[Extracted records]

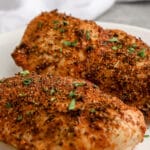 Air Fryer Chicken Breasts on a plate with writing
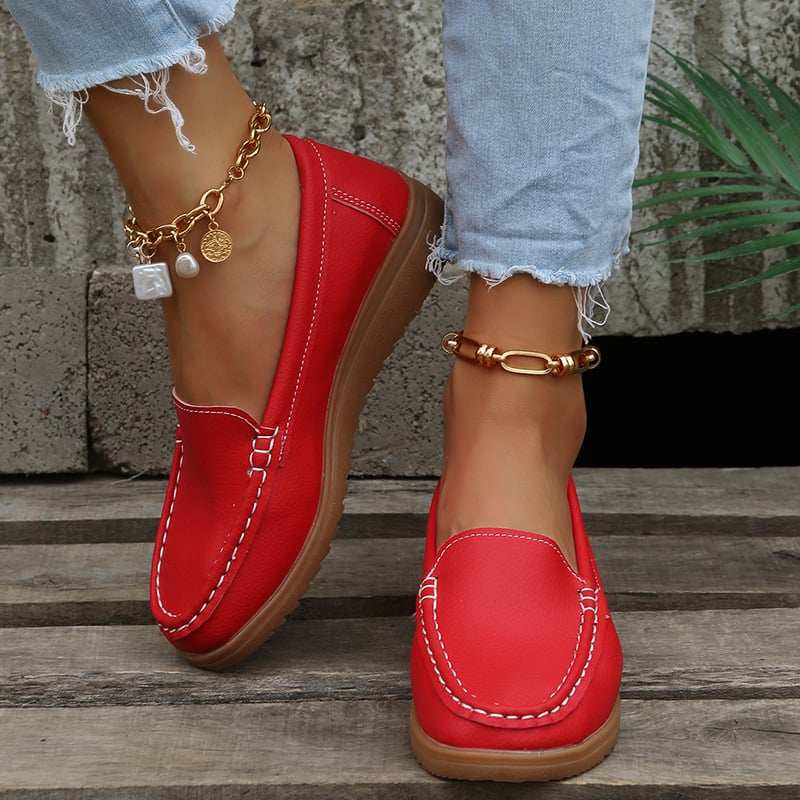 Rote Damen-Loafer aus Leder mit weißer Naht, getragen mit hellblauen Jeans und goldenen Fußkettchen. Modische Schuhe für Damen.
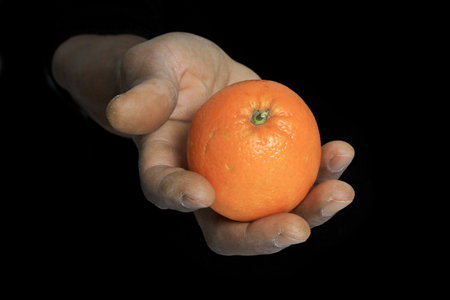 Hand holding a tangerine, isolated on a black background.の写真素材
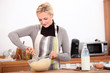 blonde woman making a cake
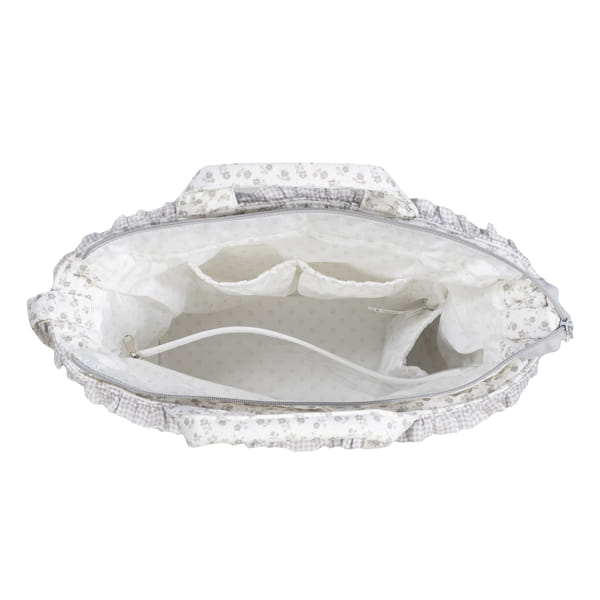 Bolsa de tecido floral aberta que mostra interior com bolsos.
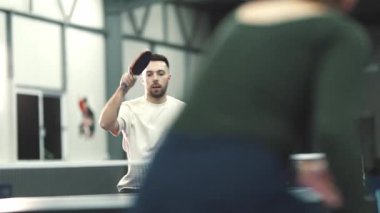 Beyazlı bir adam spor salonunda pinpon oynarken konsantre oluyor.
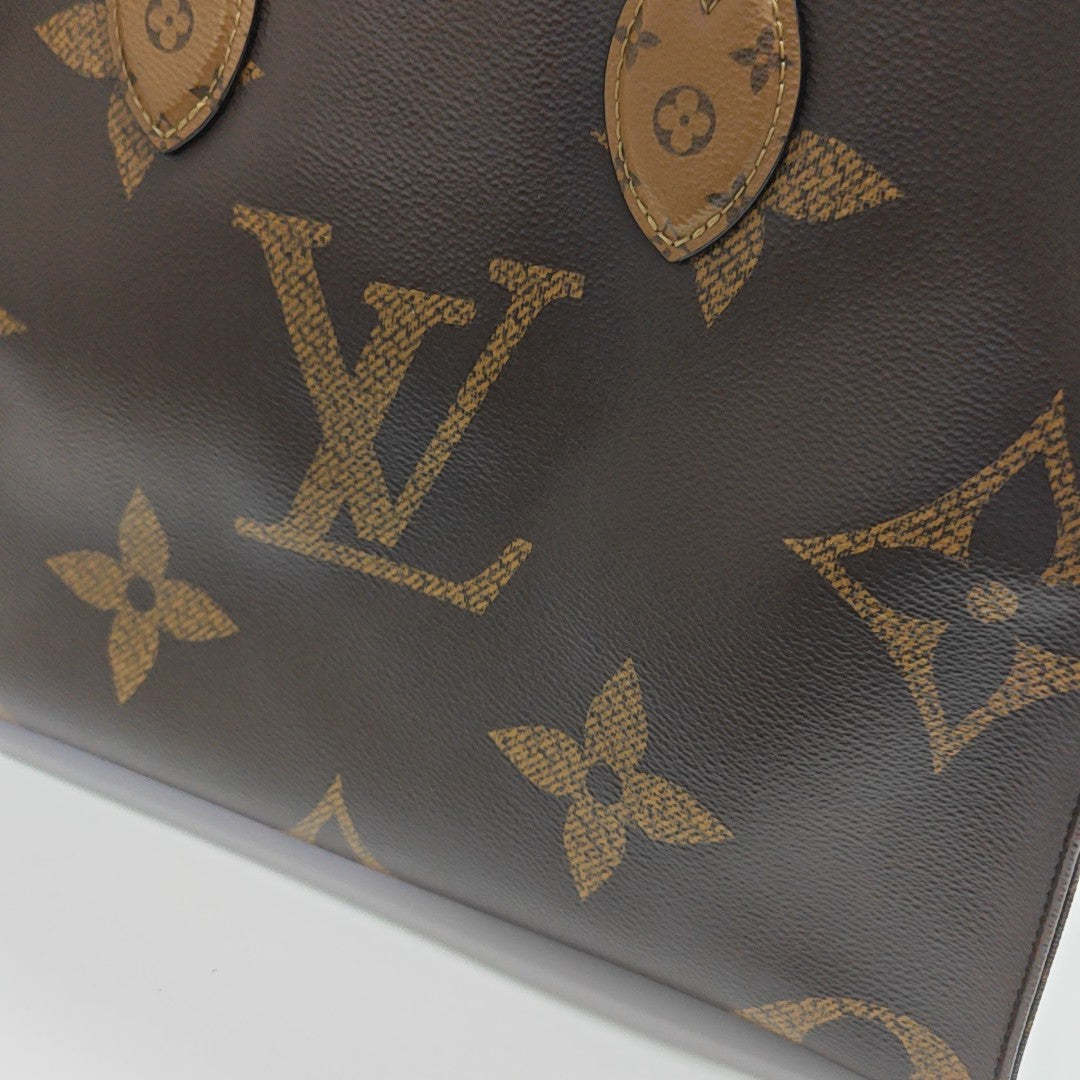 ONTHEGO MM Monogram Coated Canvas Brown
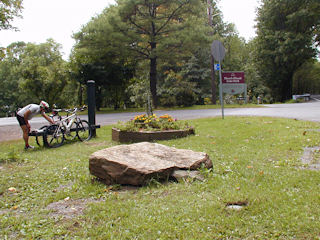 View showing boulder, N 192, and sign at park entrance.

Assignment »
Within the entries above, the lines from the one with "Hand holding a" through the final line are to be printed exactly, with the pictures removed.

Answer for the task »
 Hand holding a tangerine, isolated on a black background.の写真素材
 blonde woman making a cake
 Bolsa de tecido floral aberta que mostra interior com bolsos.
 Beyazlı bir adam spor salonunda pinpon oynarken konsantre oluyor.
 ONTHEGO MM Monogram Coated Canvas Brown
 View showing boulder, N 192, and sign at park entrance.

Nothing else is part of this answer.